Dans la quasi-totalité des localités, les bourgmestres issus des élections couplées de décembre 2012 ont pris possession de leur fauteuil et l’heure est à la mise en œuvre de leurs ambitions pour le bien-être des populations des communes respectives. Dans l’arrondissement n° 4 de Ouagadougou, par contre, c’est silence radio. Elu contre l’avis de son parti, le maire Anatole Bounkougou est devenu un paria. Pire, le CDP commence à dérouler son rouleau compresseur pour étouffer ce rebelle. Aussi assiste-t-on depuis le mois de mars à des manifestations de militants CDP, ou prétendus tels, pour demander, si ce n’est pas exiger, de l’autorité administrative de relever le maire Bounkoungou de ses fonctions.
La manœuvre a quelque peu payé, puisque l’un des conseillers, qui avait pourtant accepté en connaissance de cause le poste de président de commission, vient de jeter l’éponge pour davantage mettre Bonkoungou sous pression. Les populations de l’arrondissement sont prises en otage au nom des conflits à mille lieues de leurs préoccupations. La raideur de la position du parti au pouvoir achève de convaincre qu’il y a des intérêts inavouables et inavoués qui sont en jeu.
La candidature du pauvre Modeste Compaoré qu’on brandit comme un fétiche n’est qu’une manœuvre de djinamori pour préserver des positions juteuses. Ce n’est donc pas parce que le CDP a particulièrement confiance en la capacité de son candidat officiel à trouver une solution aux problèmes de l’arrondissement mais certainement parce qu’il paraît plus docile pour savoir se taire et diriger la mairie sans remuer dans les archives. Ce qui n’est pas possible avec un Anatole qui veut s’affirmer, sans oublier qu’il a déjà été le rival malheureux de Zakaria en 2007. Ce n’est donc pas demain la veille que cette guerre fratricide au CDP prendra fin.
L’enjeu va au-delà des acteurs visibles. Pour ce qui est du respect de la directive du parti qui est mise en avant pour refuser la prise de fonction d’Anatole Bounkougou, le CDP est mal fondé pour sanctionner son non-respect. Il suffit de rappeler que les membres du secrétariat exécutif national ont été les premiers à violer les règles du jeu.
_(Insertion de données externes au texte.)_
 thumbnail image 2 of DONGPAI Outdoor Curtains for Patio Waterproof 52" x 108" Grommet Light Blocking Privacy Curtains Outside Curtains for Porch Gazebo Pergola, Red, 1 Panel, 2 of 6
En effet, en prélude aux élections couplées de décembre 2012, les militants à la base avaient désigné des personnalités sur des critères concoctées par le parti. Dans la majorité des cas, les membres du secrétariat exécutif se sont arrogés des droits de bouleverser les propositions de la base, allant parfois jusqu’à éjecter de la liste des personnalités pourtant classées tête de liste par la base. Le parti pourrait répondre que c’est à ses instances qu’il revient en dernier ressort de dresser la liste officielle des candidats aux différentes élections. Et ce n’est pas faux. Mais de la même façon, le CDP sait -ou doit savoir- que le choix du maire est du ressort exclusif des conseillers. Ceux de l’arrondissement 4 de Ouaga ont majoritairement porté leur choix sur Anatole Bonkoungou dans le respect du code électoral. Au nom du principe démocratique, le CDP aurait dû prendre acte de la non-élection de son candidat et faire humblement profil bas. Mais puisque le parti au pouvoir, à tout le moins certains de ses militants, a choisi de ne pas accepter ce fait accompli, il revient au ministère en charge des Collectivités locales de taper du poing sur la table pour éviter tout amalgame entre le fonctionnement de l’Administration et les querelles byzantines au sein des partis.
Force doit rester à la loi et les guerres de chefs du CDP ne doivent pas gripper l’Administration, et surtout pas la démocratie à la base.